_EXERCISE REQUIREMENTS_. A full, word-for-word copy of the listing below is needed; leave the images out of it.

_DATASET_.
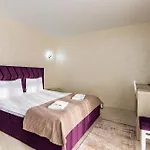 Hotel Gold Palace Wellness & 2*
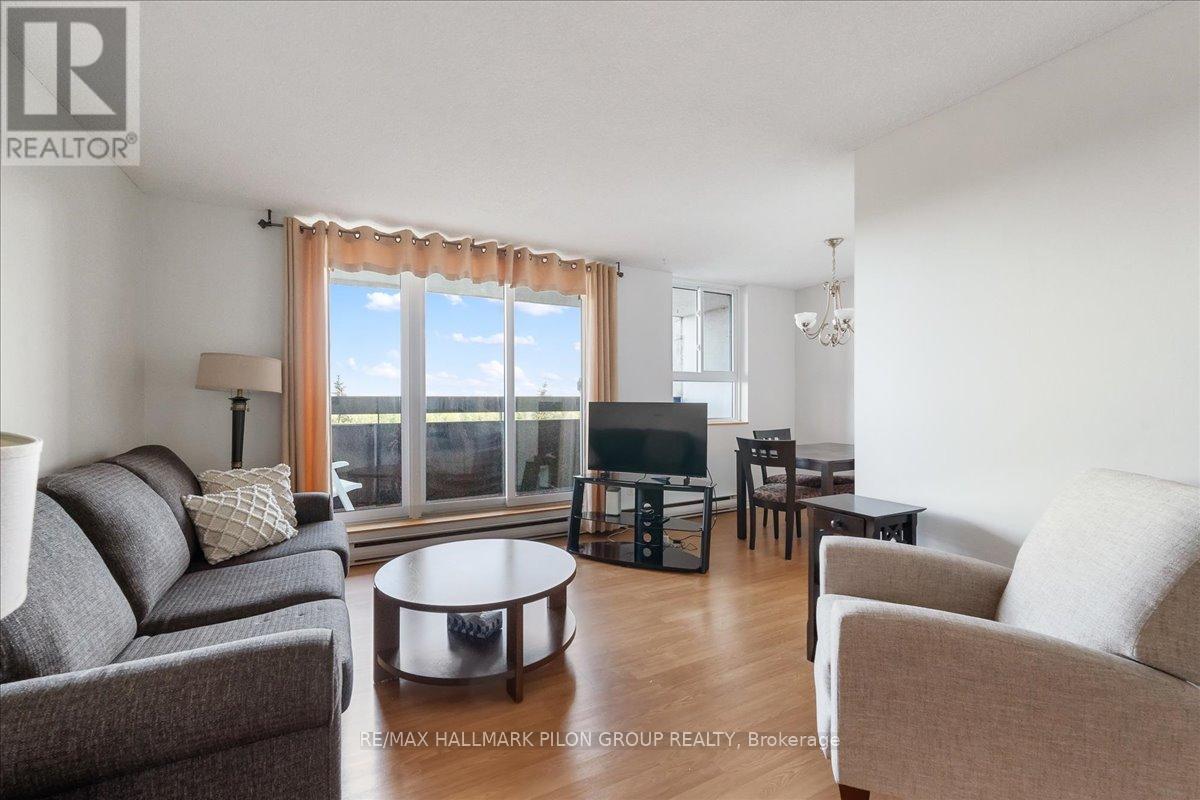 Property at 714 - 2020 JASMINE CRESCENT image 2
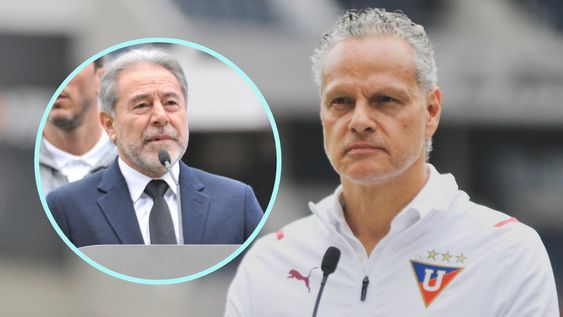 Esteban Paz durante su depedida de Liga de Quito en la que participó el presidente del club, Isaac Álvarez.&nbsp;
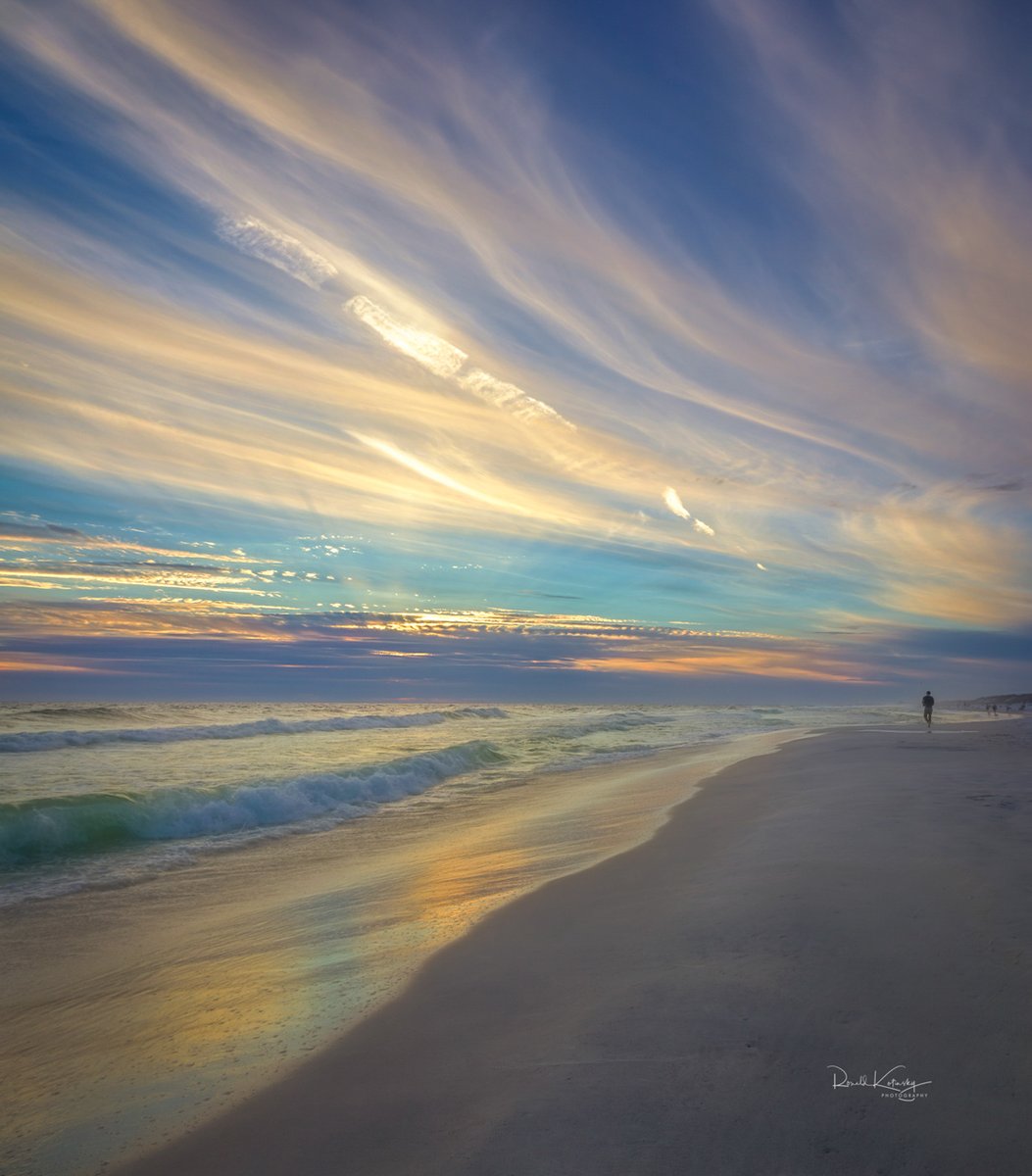 rkotinsky's tweet image. One of my all time best beach photos from Watercolor, Florida. The pastel colors, the flow of the clouds and a single focal point brings it all together. The man in the image is also a photographer who happened to be on the beach at the same time.
@spann @stormhour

_RESPONSE TO THE EXERCISE_.
 Hotel Gold Palace Wellness & 2*
 Property at 714 - 2020 JASMINE CRESCENT image 2
 Esteban Paz durante su depedida de Liga de Quito en la que participó el presidente del club, Isaac Álvarez.&nbsp;
 rkotinsky's tweet image. One of my all time best beach photos from Watercolor, Florida. The pastel colors, the flow of the clouds and a single focal point brings it all together. The man in the image is also a photographer who happened to be on the beach at the same time.
@spann @stormhour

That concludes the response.